First, it’s a completely unbalanced organized work. It apparently has only 11 chapters. I have read 4 and ‘a half’ of the chapters and I am only 16% through the book. Being 41% finished by chapter math, but only 16% by reader math, well it messes with my psyche while reading. I believe that there should be more overall balance between chapters or the book should have been divided into parts. For example, part one of the book could have been “The Plan” or “The Idea” of the trip and part two could have been “The Journey” or “The Adventure” telling about the trip itself. In that way the chapters would feel more balanced, where the chapters of the planning part are short and quick and apparently, the travel chapters are much much longer. Another idea could have been that from Chapter 5 on-wards each day could have been a chapter, that would have made it easier to follow as I am not truly sure if I stopped 3 or 4 days into the trip.
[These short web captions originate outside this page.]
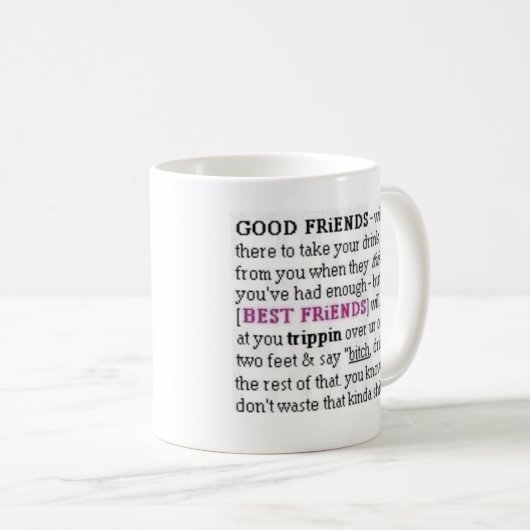 よい友人のマグ コーヒーマグカップ (正面右)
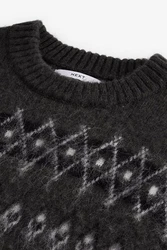 Next Rundhalspullover Relaxed Fit Dunkelgrau/Grau/Gelb/Braun/Schwarz/Rosa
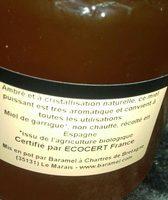 Miel De Garrigue Ingredients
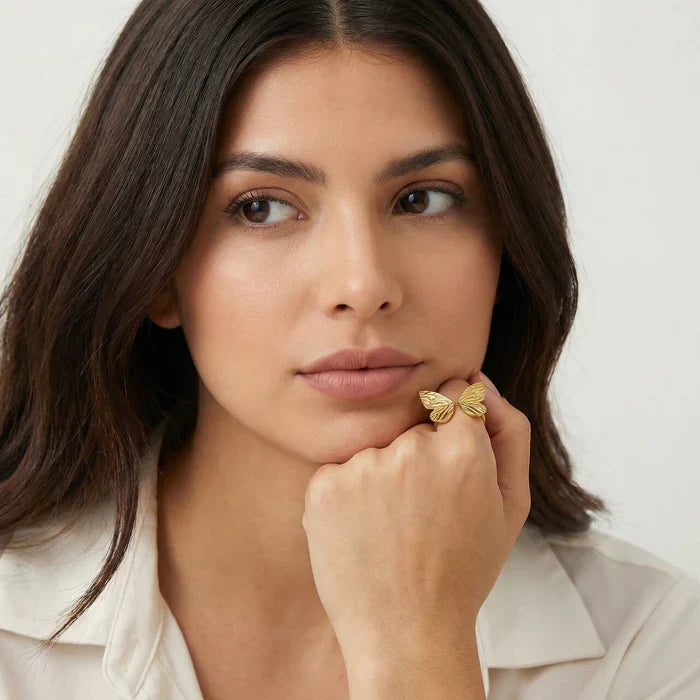 Stately Butterfly Ring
Second, thus far, I also find the story-line part of the book to feel lacking and not genuine. I just really struggle with feeling like I am part of this father-daughter trip to explore human history. I don’t buy it. I do not connect with the characters. They feel shallow and forced. Their awe and emotion lack the verbage needed to give the reader something to feel. It seems fake. It seems like the author really is just literally making up a story as he goes along, instead of telling a story. Some details feel weird cause they are unnecessary and other details are completely missing that would add the needed depth to the story. The author maybe a great conversationalist whom is knowledgeable. But, storyteller he is not.

Third, I find the structure of the dialogue and the narration of the book to be somewhat stilted for a native reader. I do not know if this is done intentionally or if it is poor English translating. Either way it makes for a very disjointed read. There are certain phrases that sound strange to the ear. Additionally, there are misuses of words and phrases that have the reader tripping and or falling and stopping to reread and grasp and understand. This prevents the reader from just tagging along for the ride with this father and daughter.

I really wanted to like this book. I believe that we as a people need to be more curious about ourselves and our history. I believe that curiosity should be nurtured and encouraged and the author stated his desire to help inspire the curiosity to reignite within readers. In this we are both proponents, but unfortunately for me, I found myself more bored than inspired. I do hope that others do better with the book than I have. More importantly, I hope that no one loses their curious spark by struggling with the same issues that challenged me with this work.